[[ DATA FOR THE TASK open ]]

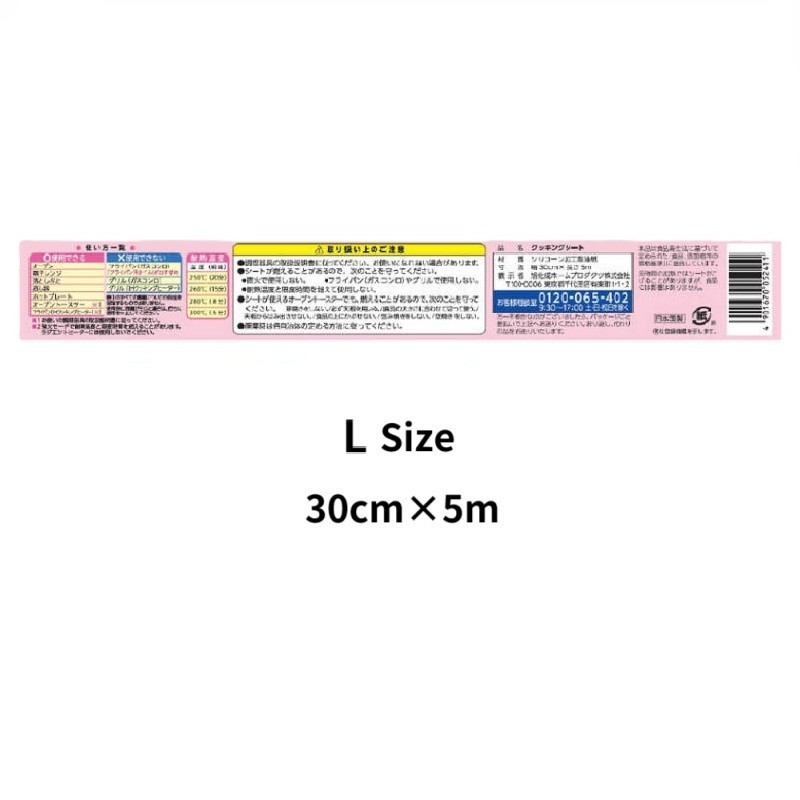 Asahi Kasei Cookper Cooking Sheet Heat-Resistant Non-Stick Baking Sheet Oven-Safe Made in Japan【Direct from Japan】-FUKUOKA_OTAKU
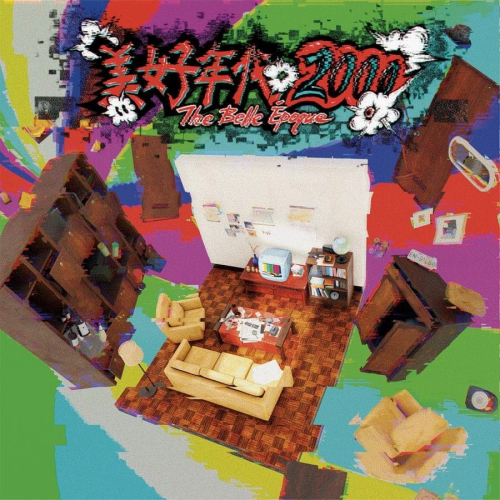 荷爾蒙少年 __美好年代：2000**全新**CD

[[ DATA FOR THE TASK closed ]]
[[ DATA FOR THE TASK open ]]

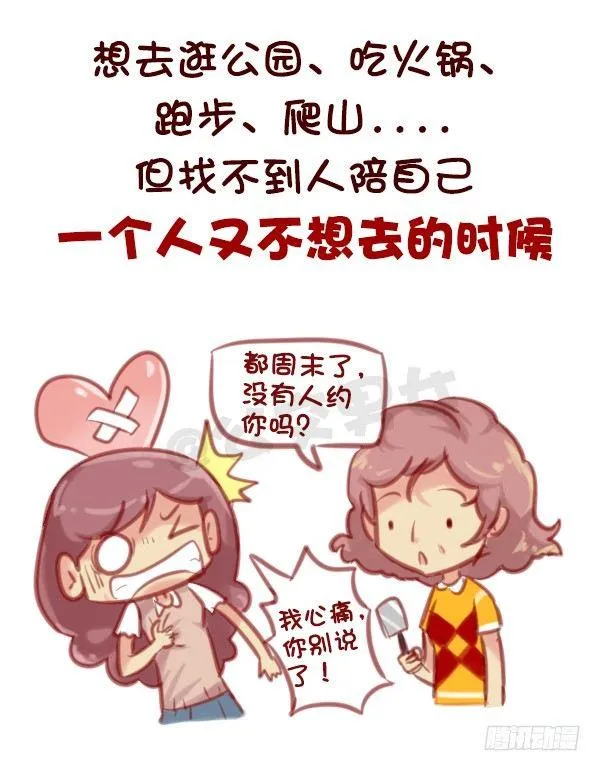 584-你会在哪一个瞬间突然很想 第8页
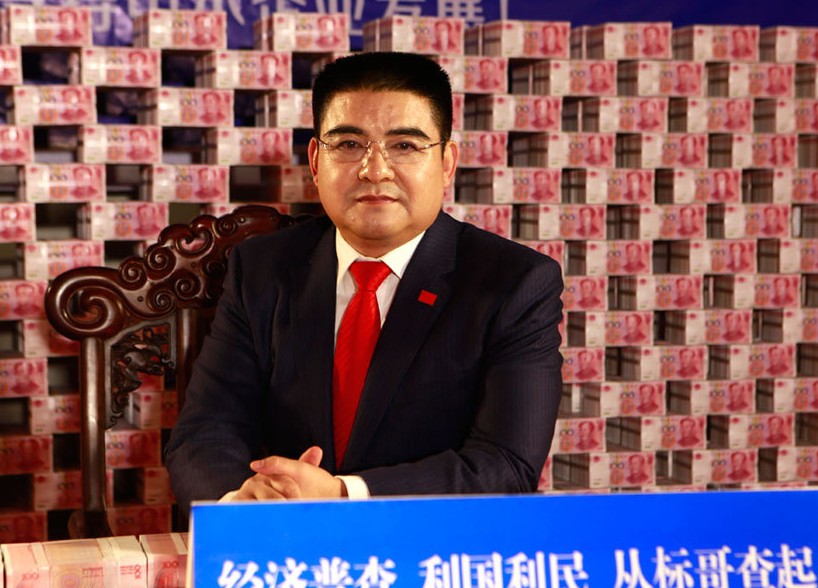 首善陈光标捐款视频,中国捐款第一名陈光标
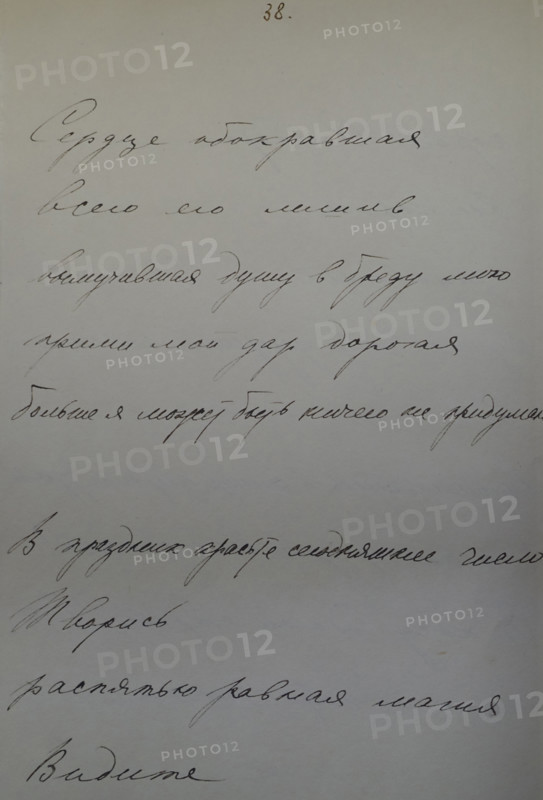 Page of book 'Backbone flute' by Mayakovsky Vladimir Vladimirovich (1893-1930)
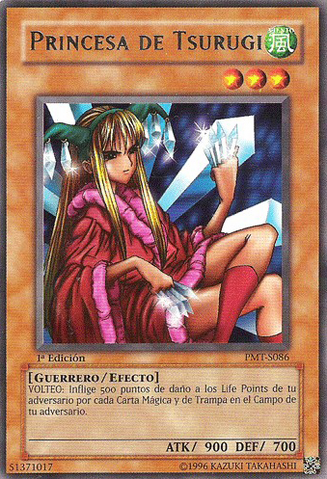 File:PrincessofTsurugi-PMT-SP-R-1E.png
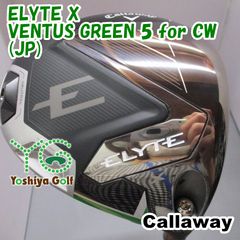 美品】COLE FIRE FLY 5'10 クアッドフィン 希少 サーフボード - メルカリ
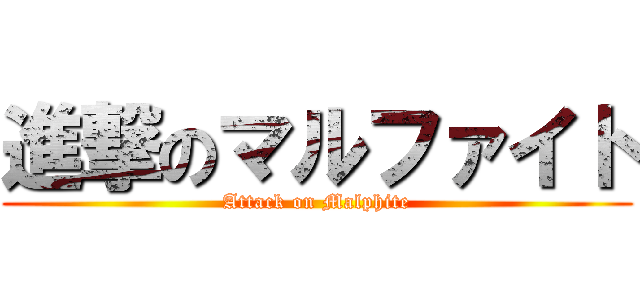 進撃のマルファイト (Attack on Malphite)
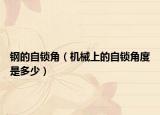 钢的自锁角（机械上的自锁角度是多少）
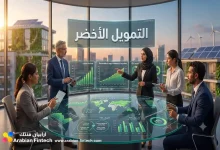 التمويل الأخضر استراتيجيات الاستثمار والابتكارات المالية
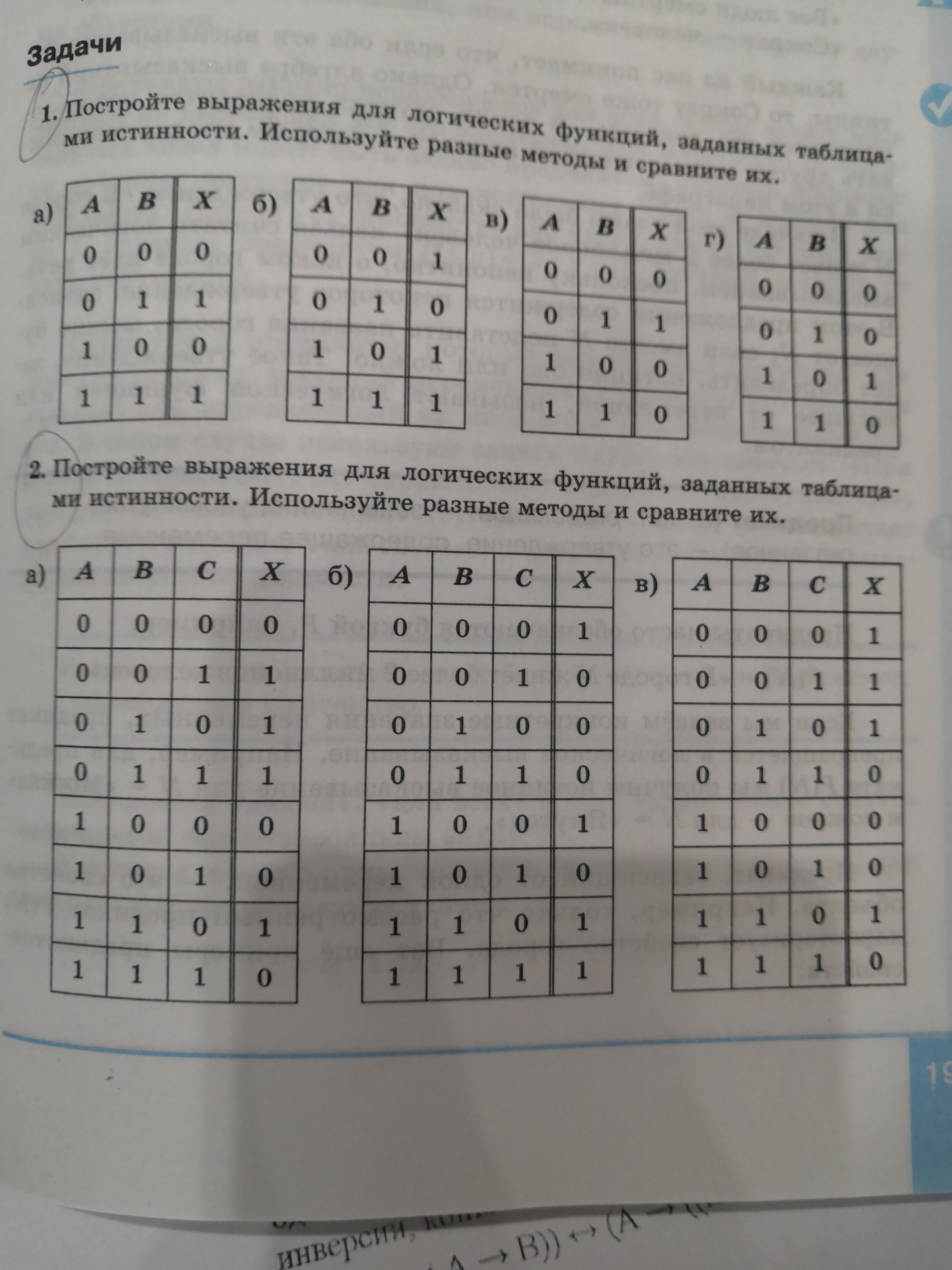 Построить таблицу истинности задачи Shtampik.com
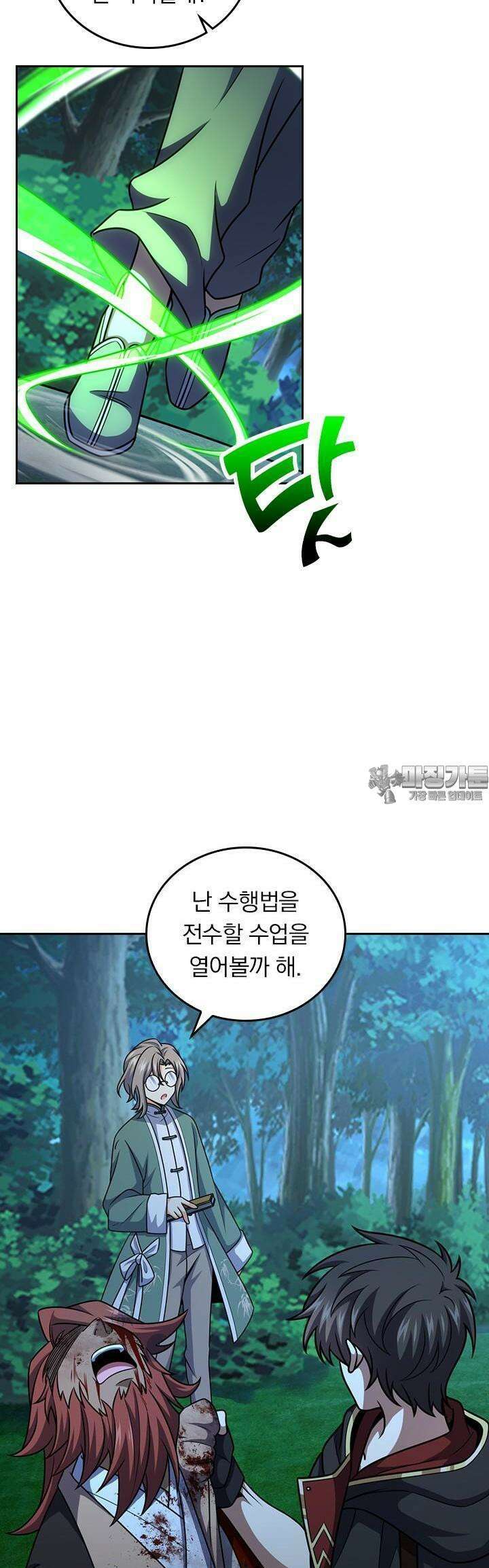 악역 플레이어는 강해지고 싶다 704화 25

[[ DATA FOR THE TASK closed ]]
[[ DATA FOR THE TASK open ]]

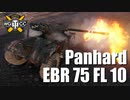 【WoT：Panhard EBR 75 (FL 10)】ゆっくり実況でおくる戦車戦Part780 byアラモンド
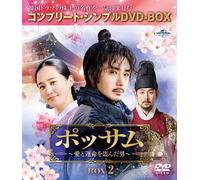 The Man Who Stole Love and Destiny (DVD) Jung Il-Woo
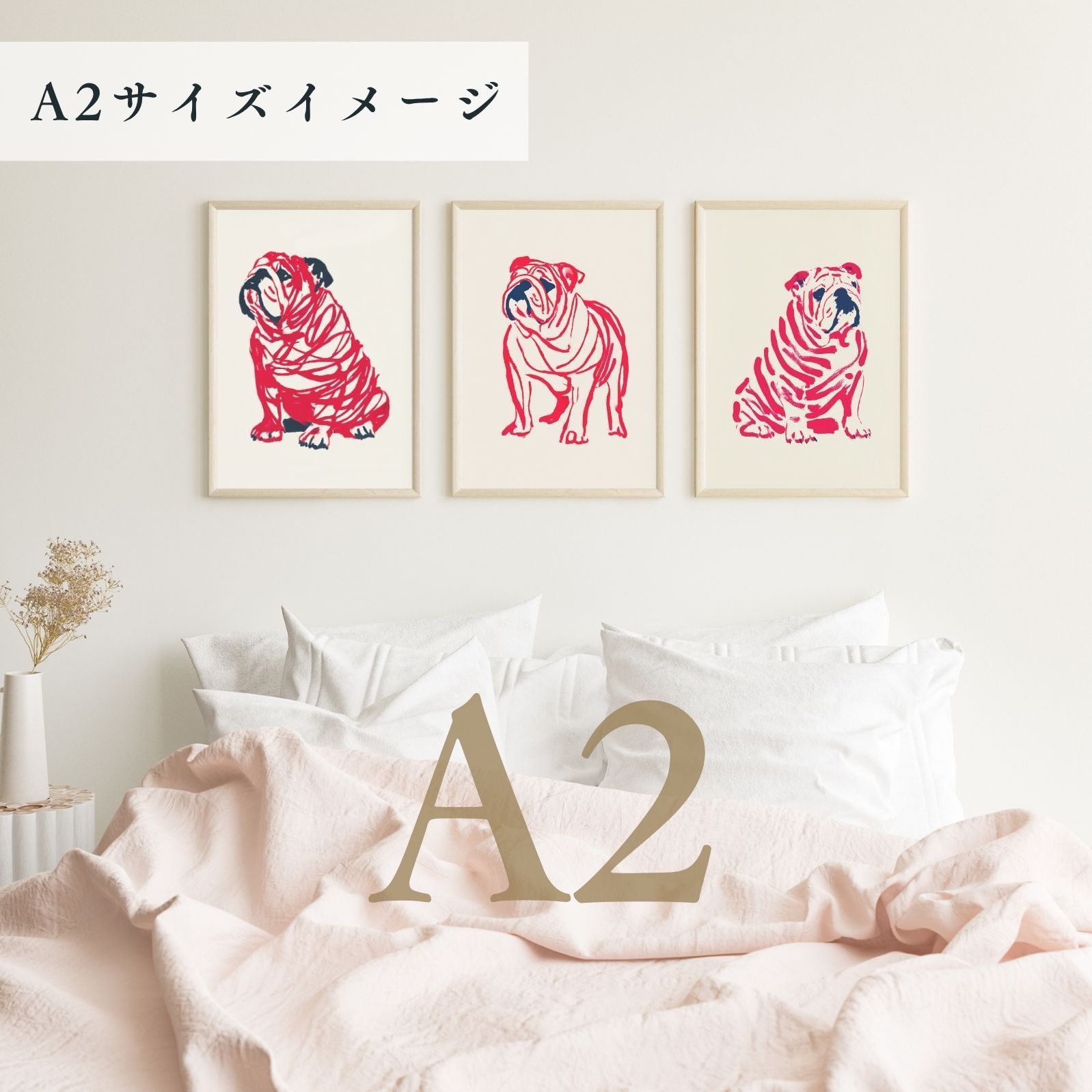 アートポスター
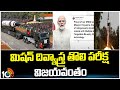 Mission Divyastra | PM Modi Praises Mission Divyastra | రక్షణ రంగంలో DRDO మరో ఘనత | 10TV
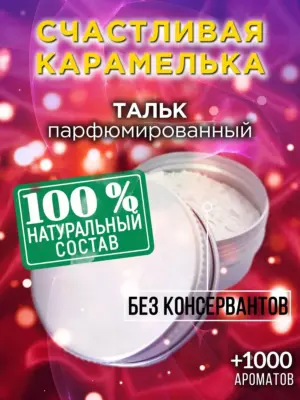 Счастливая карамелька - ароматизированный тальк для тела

[[ DATA FOR THE TASK closed ]]

[ACTIVITY]
Each line above that falls between the line with "Asahi Kasei Cookper" and the line with "荷爾蒙少年 __美好年代：2000**全新**CD" should be printed exactly, together with those two lines, but the pictures should not.

[TASK OUTPUT]
 Asahi Kasei Cookper Cooking Sheet Heat-Resistant Non-Stick Baking Sheet Oven-Safe Made in Japan【Direct from Japan】-FUKUOKA_OTAKU
 荷爾蒙少年 __美好年代：2000**全新**CD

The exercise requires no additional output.